Lorna Doone, first published in 1869 contains references to goats in the Valley of Rocks, which R.D. Blackmore must have heard from local informants when gathering background information for the book. However, in Cooper's guidebook of 1853 we learn that it is "some tears since it was found necessary to destroy them (the goats), as they killed so many of the sheep by butting them over the adjacent cliffs."
The shadows of rocks fell far and deep, and the brown dead fern was fluttering, and brambles with their sere leaves hanging, swayed their tatters to and fro, with a red look on them. In patches underneath the crags, a few wild goats were browsing; then they tossed their horns, and fled, and leaped on ledges, and stared at me.

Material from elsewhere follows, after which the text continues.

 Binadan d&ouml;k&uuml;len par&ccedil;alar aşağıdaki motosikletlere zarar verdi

... She (Mother Meldrum) pointed to the castle-rock, where upon a narrow shelf, betwixt us and the coming stars, a
bitter fight was raging. A fine fat sheep, with an honest face, had clomb up very carefully to browse on a bit of juicy
grass, now the dew of the land was upon it. To him, from an upper crag, a lean black goat came hurrying, with leaps, and
skirmish of the horns, and an angry noise in his nostrils. The goat had grazed the place before, to the utmost of his
liking, cropping in and out with jerks, as their manner is of feeding. Nevertheless he fell on the sheep with fury and
The simple wether was much inclined to retire from the contest, but looked around in vain for any way to peace and comfort. His enemy stood between him and the last leap he had taken; there was nothing left him but to fight, or be hurled into the sea, five hundred feet below.
"Lie down, lie down!" I shouted to him, as if he were a dog, for I had seen a battle like this before, and knew that the sheep had no chance of life except from his greater weight, and the difficulty of moving him.

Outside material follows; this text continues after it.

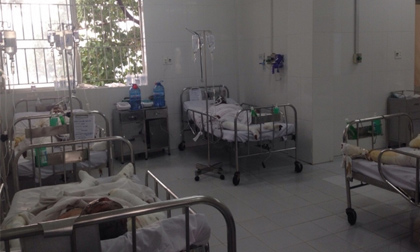 Cháy nhà 5 tầng, 2 người tử vong, 2 người nguy kịch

"Lie down, lie down, John Ridd!" cried Mother Melldrum, mocking me, but without a sign of smiling.
The poor sheep turned, upon my voice, and looked at me so piteously that I could look no longer; but ran with all my speed to try and save him from the combat. He saw that I could not be in time, for the goat was bucking to leap at him, and so the good wether stooped his forehead, with the harmless horns curling aside of it; and the goat flung his heels up, and rushed at him, with quick sharp jumps and tricks of movement, and the points of his long horns always foremost, and his little scut cocked like a gun-hammer.

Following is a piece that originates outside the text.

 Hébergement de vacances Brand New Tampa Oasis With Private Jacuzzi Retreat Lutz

As I ran up the steep of the rock, I could not see what they were doing, but the sheep must have fought very bravely at last, and yielded his ground quite slowly, and I hoped almost to save him. But just as my head topped the platform of rock, I saw him flung from it backward, with a sad low moan and a gurgle. His body made quite a short noise in the air, like a bucket thrown down a well shaft, and I could not tell when it struck the water, except by the echo among the rocks. So wroth was I with the goat at the moment (being somewhat scant of breath and unable to consider), that I caught him by the right hind-leg, before he could turn from his victory, and hurled him after the sheep, to learn how he liked his own compulsion.